ゴーレムは両腕をドリルに変えると攻撃を開始した。しかし岩の巨人の挙動を見たラグナはかわしながらも違和感を覚える。
(……なんだ……? 攻撃が遅い……コイツの攻撃はもっと早かったはず……)
最初に接敵した時の素早い動きを思い出していると――。
『……なぜ黒い月光を使わない……? あの凄まじい力を使えば周りの連中を一掃できるだろう』
「ッ……!」
――ドリルで地面に大穴を開けながら突然ゴーレムが小声で話しかけて来たのだ。
(……こいつ……俺が『黒い月光』を使えるって知っているのかッ……!? しかもこの言い方、まるで見たことがあるみたいに……こいつの前ではまだ一度も使ってないのに……)
ディルムンドの反乱を鎮圧しメディアにその顔と能力を取り上げられたラグナだったが、世間にはまだ彼の能力も顔も浸透しきってはいなかった。それどころか館でロンツェが言っていたように未だに『黒い月光』の情報は政府のプロパガンダだと思われているフシがあるためその能力を疑う者も大勢いる。しかし目の前のゴーレムはまるでその存在を確信しているかのように言うのだ。だからこそ思わず眉根を寄せた。
『……答えろ。なぜ使わないんだ……?』
「……お前には関係の無い事だ」
同じように小声で返すと再びかわしやすい大ぶりの攻撃がきたのでひらりと避ける。
『……何か使えない理由でもあるのか? このままではお前も、お前の仲間も危険だぞ』
「…………」
『もし……黒い月光を使えないのなら……私に作戦がある。聞け――』
表面上では激しい戦いを演じながらもゴーレムの作戦を聞いたラグナは大きく目を見開いた。

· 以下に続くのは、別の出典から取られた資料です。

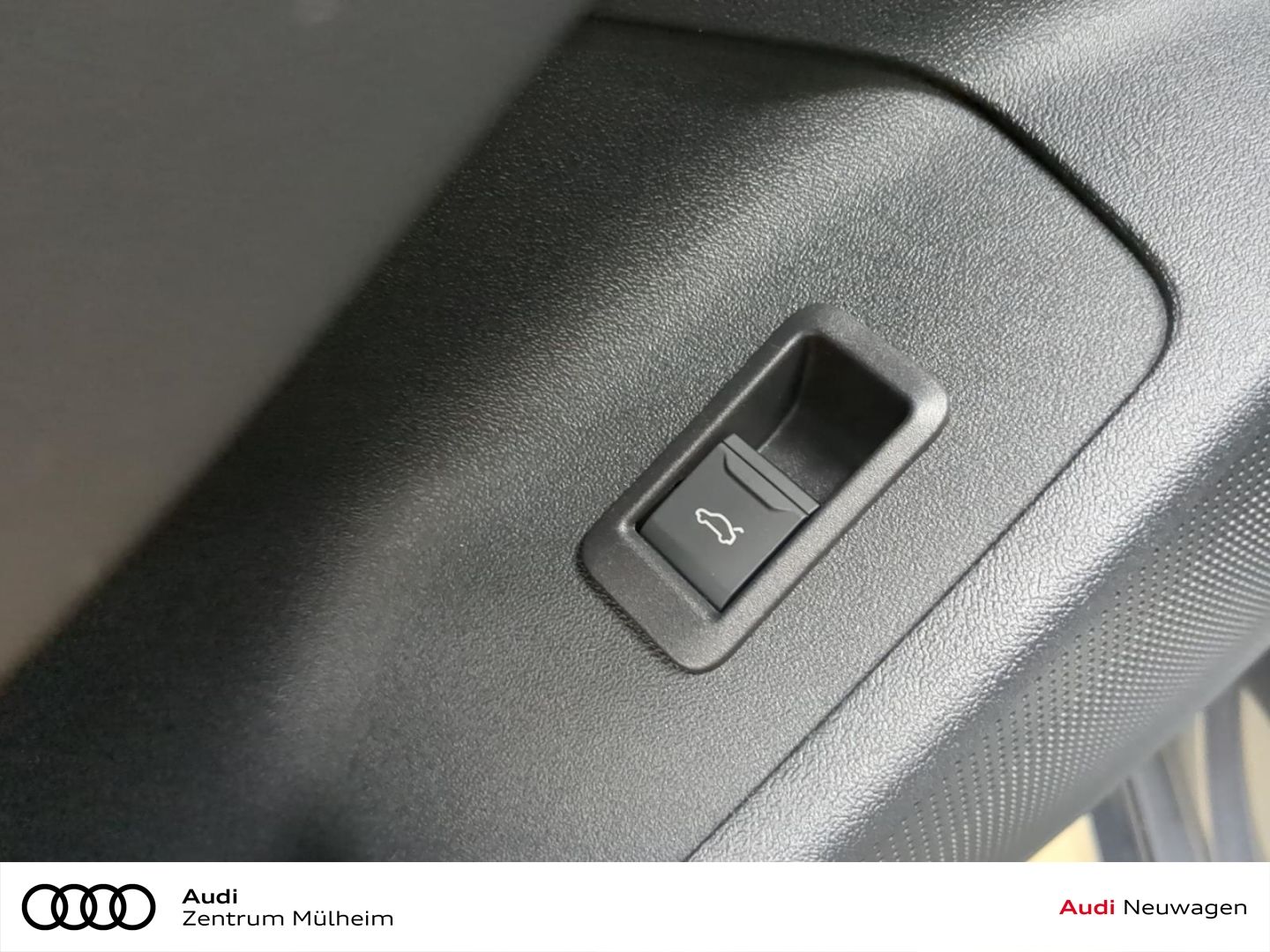 Audi A6 e-tron - Bild 21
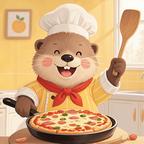 幸福小日子破解版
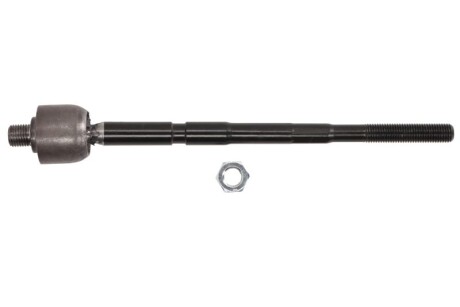 Фото 2 - Рулевая тяга MONROE L10219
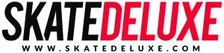 Logo Skatedeluxe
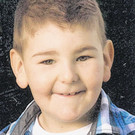 Rath_Andreas_Rankweil_VS_Markt_Rankweil.jpg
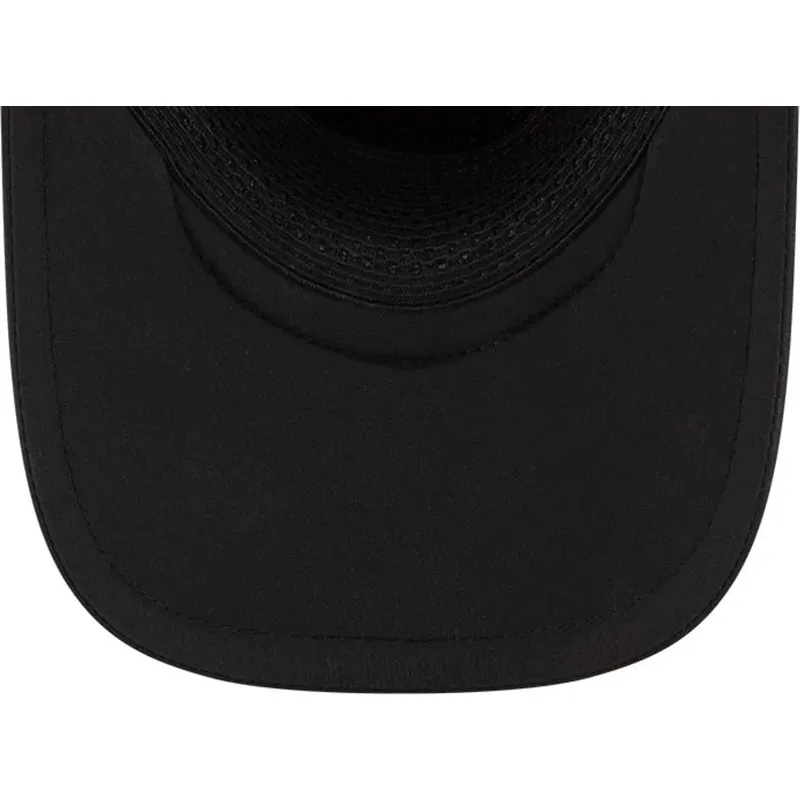 lippikset-kaareva-rekka-musta-snapback-9forty-apex-batting-practice-chicago-white-sox-mlb-new-era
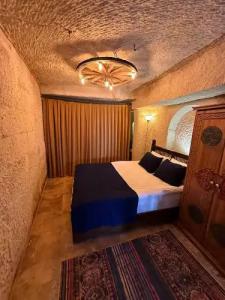 Elite Cave Suites - 63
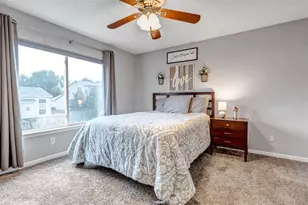 19078 E Hampden Dr, Aurora, CO 80013 - Photo 22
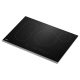 Surface de cuisson Whirlpool 30 pouce (WCIT7030SS)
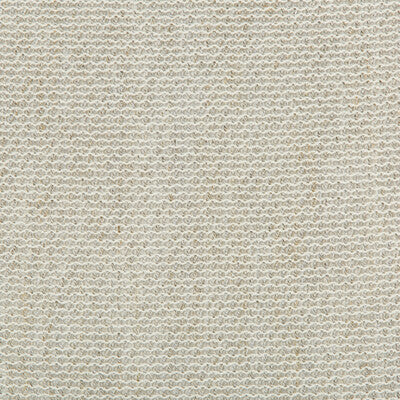 4584-11 KRAVET DESIGN 4584-11 KRAVET DESIGN DRAPERY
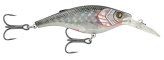 Lure, Kinchou Shad 7 Shad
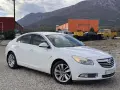 Opel Insignia 2.0D /  НА ЧАСТИ, снимка 1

「……正気か……? そんなことをしてお前になんのメリットがあるんだ……」
『悪いが問答している時間は無い。追手が人質とお前の仲間に追いつくのは時間の問題だ。ラグナ・グランウッド――私に協力するか今ここで決断しろ』
(……滅茶苦茶なことを言うゴーレムだな……だいたい敵であるこいつの言う事なんて信用できない。……でもこのままじゃこいつの言う通りリリ達は追いつかれるだろう。なにしろ『月光』を使っているとはいえリリは負傷しているうえに人一人担いでいるんだから。けど……こいつの話を鵜呑みにするのは危険すぎる……)
ラグナが迷っていると攻撃しながら岩の巨人が小さな声をあげた。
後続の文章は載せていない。